WORK ORDER:
As the answer, give exactly the lines of the records below from the one with "Plus de détails" through the one with "o0hn7의 『なんで私のこと見てくんないの？！』", ends included and pictures left out.

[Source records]
##########
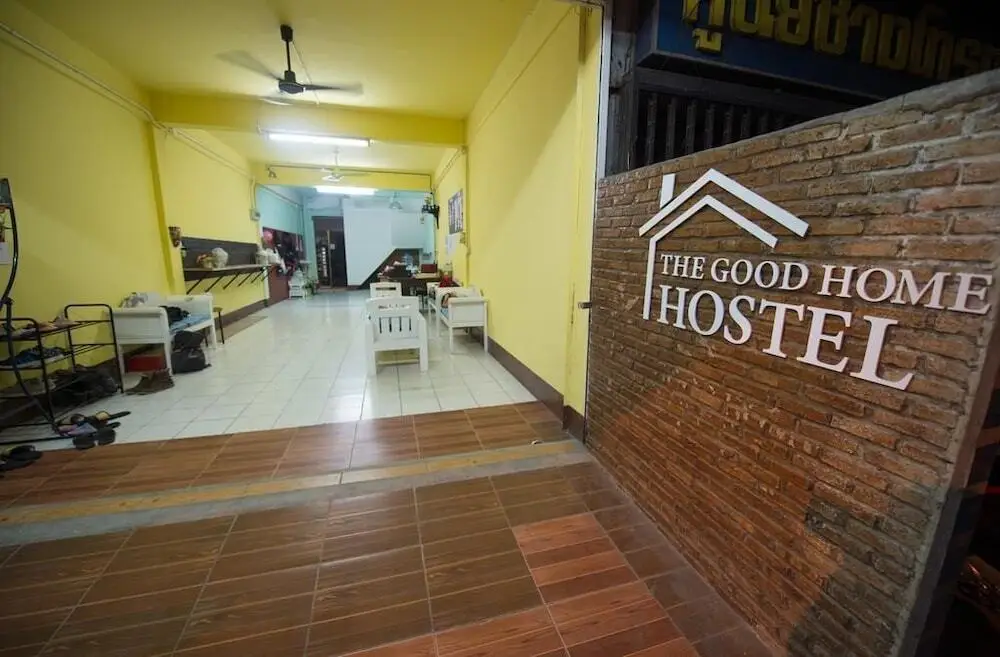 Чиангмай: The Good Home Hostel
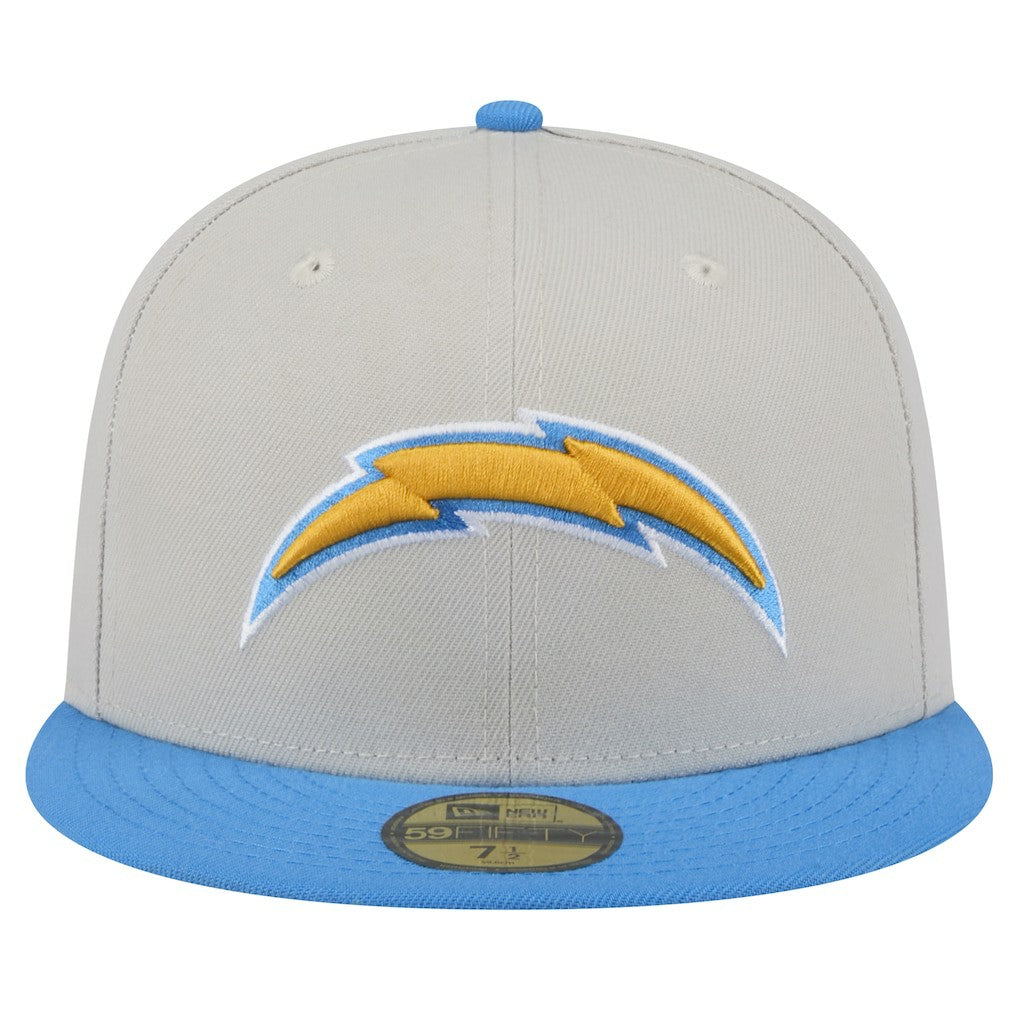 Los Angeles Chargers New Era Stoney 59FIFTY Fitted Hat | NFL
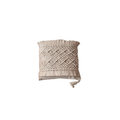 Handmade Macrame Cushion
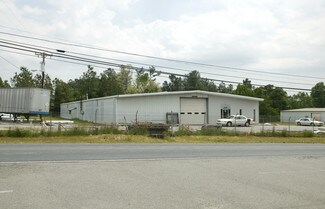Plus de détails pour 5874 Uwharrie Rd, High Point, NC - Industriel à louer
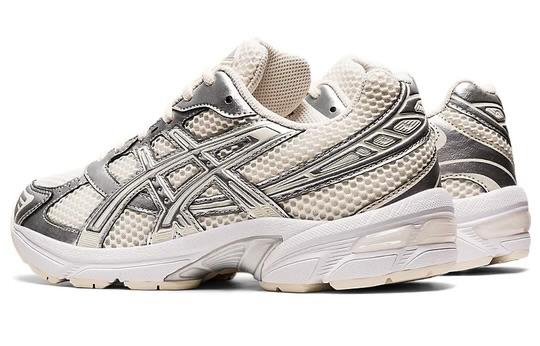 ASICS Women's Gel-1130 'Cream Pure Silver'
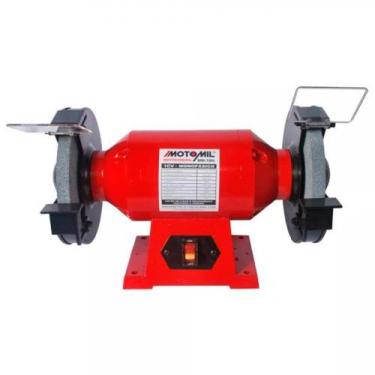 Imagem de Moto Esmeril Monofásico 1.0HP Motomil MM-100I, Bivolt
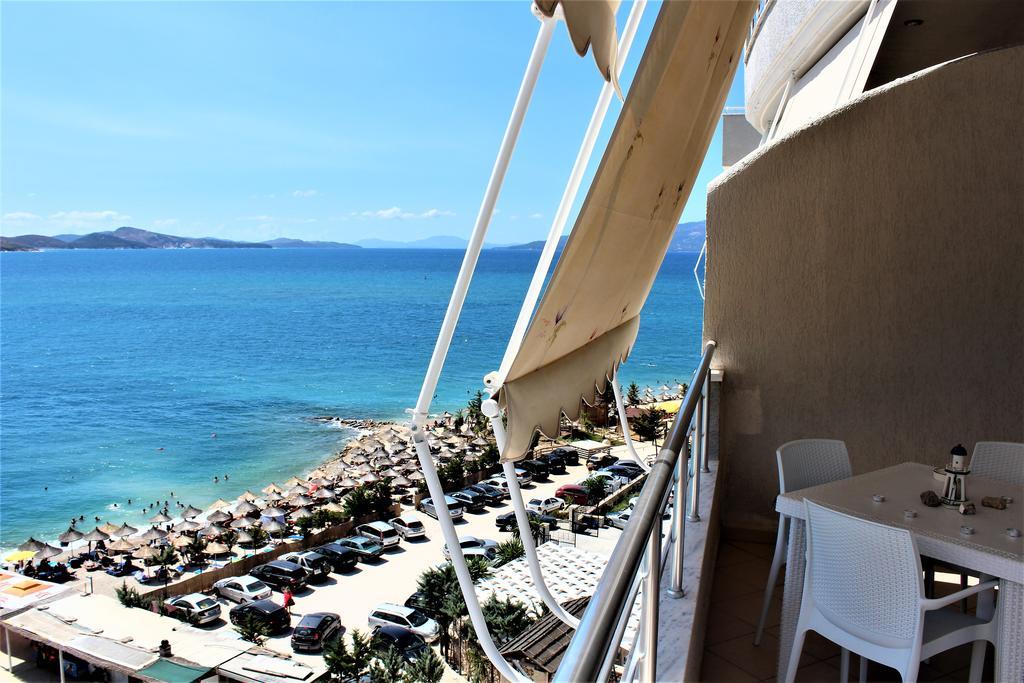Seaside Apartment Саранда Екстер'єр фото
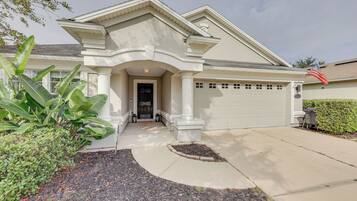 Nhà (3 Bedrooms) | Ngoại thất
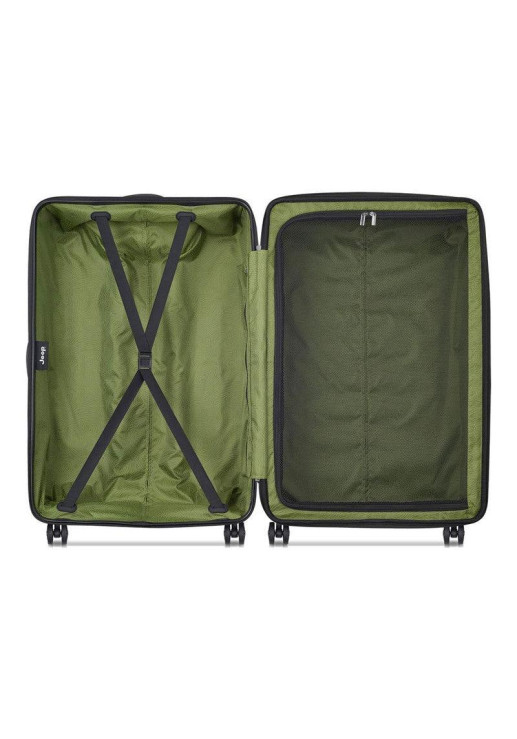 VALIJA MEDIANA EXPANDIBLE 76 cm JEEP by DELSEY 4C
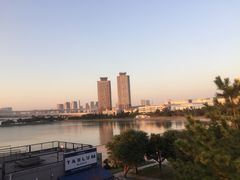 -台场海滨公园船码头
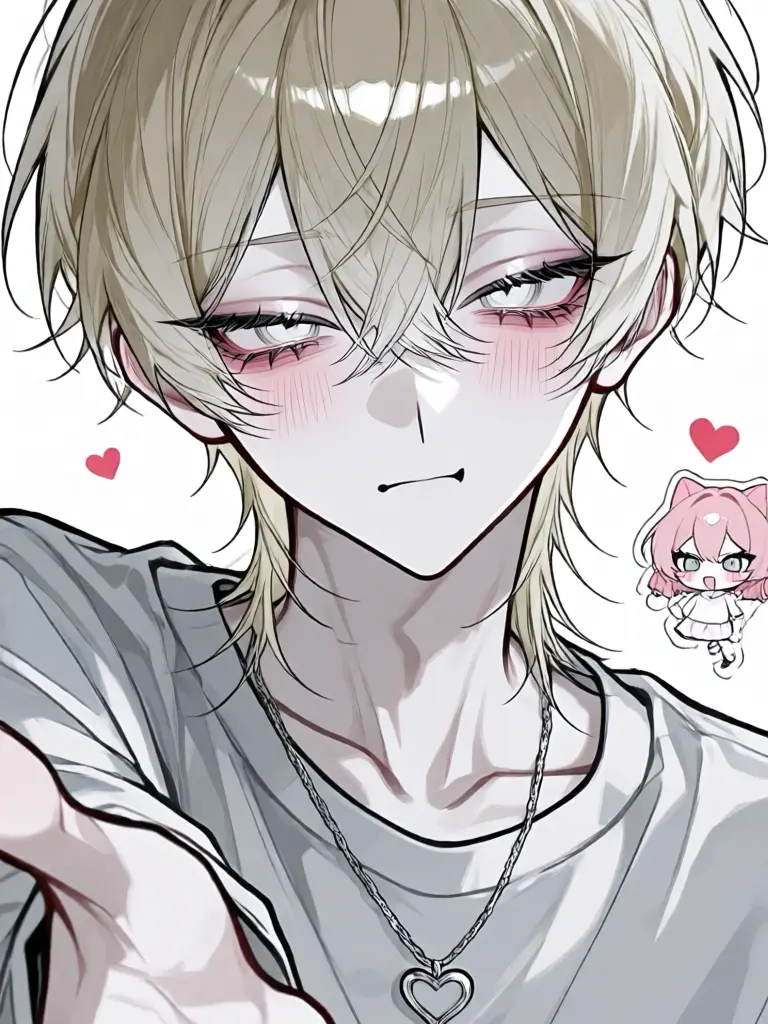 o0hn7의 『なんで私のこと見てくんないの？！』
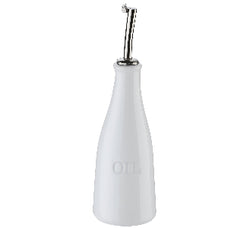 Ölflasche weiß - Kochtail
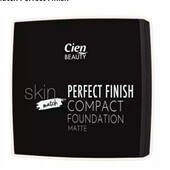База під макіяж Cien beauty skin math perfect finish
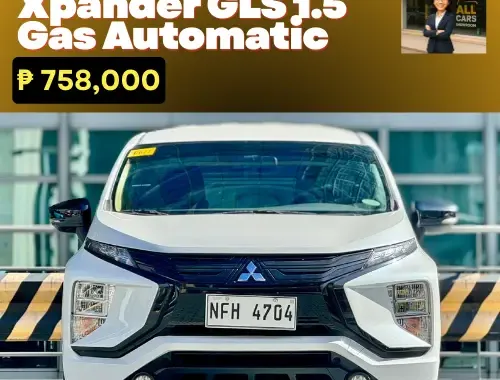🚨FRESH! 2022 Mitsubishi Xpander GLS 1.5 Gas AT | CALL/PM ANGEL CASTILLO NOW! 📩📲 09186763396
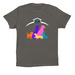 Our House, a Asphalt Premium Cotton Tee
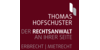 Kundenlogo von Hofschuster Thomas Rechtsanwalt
##########
EXERCISE ANSWER:
Plus de détails pour 5874 Uwharrie Rd, High Point, NC - Industriel à louer
 ASICS Women's Gel-1130 'Cream Pure Silver'
 Imagem de Moto Esmeril Monofásico 1.0HP Motomil MM-100I, Bivolt
Seaside Apartment Саранда Екстер'єр фото
 Nhà (3 Bedrooms) | Ngoại thất
 VALIJA MEDIANA EXPANDIBLE 76 cm JEEP by DELSEY 4C
 -台场海滨公园船码头
 o0hn7의 『なんで私のこと見てくんないの？！』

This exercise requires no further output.